The Conviction of Richard Nixon: The Untold Story of the Frost/Nixon Interviews Audiobook (Free)
- Marc Cashman
- 5 h 41 min
- Random House (Audio)
- 2007-06-19
Summary:
The Watergate scandal began with a break-in at the office of the Democratic National Committee at the Watergate Hotel on June 17, 1971, and ended when Leader Gerald Ford granted Richard M. Nixon a pardon on September 8, 1974, one month after Nixon resigned from office in disgrace. Successfully taken off the reach of prosecutors, Nixon came back to California, uncontrite and unconvicted, persuaded that time would exonerate him of any wrongdoing and sure that history would keep in mind his about The Conviction of Richard Nixon: The Untold Tale from the Frost/Nixon Interviews great accomplishments-the starting of China and the winding down of the Vietnam War-and forget his “mistake,” the “pipsqueak point” called Watergate.
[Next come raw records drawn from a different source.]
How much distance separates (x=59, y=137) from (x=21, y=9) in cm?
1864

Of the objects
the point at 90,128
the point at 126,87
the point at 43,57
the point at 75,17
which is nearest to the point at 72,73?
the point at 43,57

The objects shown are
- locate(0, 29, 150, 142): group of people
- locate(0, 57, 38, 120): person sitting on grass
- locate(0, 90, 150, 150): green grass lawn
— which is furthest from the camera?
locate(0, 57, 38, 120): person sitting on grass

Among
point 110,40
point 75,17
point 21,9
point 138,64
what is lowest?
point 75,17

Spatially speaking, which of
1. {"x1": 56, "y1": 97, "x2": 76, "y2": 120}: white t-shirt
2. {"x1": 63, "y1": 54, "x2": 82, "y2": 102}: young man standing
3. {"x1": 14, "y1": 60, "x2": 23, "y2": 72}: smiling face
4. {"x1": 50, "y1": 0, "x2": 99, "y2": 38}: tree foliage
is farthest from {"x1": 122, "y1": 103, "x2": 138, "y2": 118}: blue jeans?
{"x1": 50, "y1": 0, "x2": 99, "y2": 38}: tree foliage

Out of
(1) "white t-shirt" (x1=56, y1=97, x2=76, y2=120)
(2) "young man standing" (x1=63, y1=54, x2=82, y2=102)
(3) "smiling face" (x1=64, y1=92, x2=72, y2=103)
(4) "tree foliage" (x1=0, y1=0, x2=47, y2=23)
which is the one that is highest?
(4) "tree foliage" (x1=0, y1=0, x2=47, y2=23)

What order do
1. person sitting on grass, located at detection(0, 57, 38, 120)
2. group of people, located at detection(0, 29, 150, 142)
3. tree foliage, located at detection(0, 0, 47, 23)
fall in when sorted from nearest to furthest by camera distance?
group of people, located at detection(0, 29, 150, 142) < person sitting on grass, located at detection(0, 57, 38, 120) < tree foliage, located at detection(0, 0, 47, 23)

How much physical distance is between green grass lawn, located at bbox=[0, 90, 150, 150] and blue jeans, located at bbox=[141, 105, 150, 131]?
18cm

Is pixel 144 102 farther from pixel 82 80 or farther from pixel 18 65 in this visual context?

In 1977, 3 years after his resignation, Nixon decided to some interviews with television personality David Frost. Executed over twelve times, they led to twenty-eight hours of taped materials, which were aired on prime-time television and watched by a lot more than 50 million people world-wide. Nixon, an experienced lawyer by training, was paid $1 million for the interviews, confident that this publicity would start him back to public life. Instead, they covered his fate like a political pariah.
Wayne Reston, Jr., was David Frost’s Watergate consultant for the interiews, and The Conviction of Richard Nixon is usually his romantic, behind-the-scenes accounts of his participation. Originally written in 1977 and released now for the very first time, this publication helped inspire Peter Morgan’s strike play Frost/Nixon. Reston doggedly investigated the voluminous Watergate record and proved helpful carefully with Frost to develop the interrogation strategy. Even at that time, Reston acknowledged the historical need for the Frost/Nixon interviews; they might result either in Nixon’s de facto conviction and vindication for the American people, or in his exoneration and open public treatment in the hands of a lightweight. Focused, powered, and committed to exposing the truth, Reston worked tirelessly to arm Frost with the info he had a need to force Nixon to acknowledge his culpability.
In The Conviction of Richard Nixon, Reston offers a exciting, fly-on-the-wall account of his involvement in the Nixon interviews as David Frost’s Watergate adviser. Written in 1977 immediately following these celebrated television interviews and released now for the very first time, The Conviction of Richard Nixon explains how a English journalist of waning result drove the famously wily and formidable Richard Nixon to state, in an obvious personal epiphany, “I’ve impeached myself.”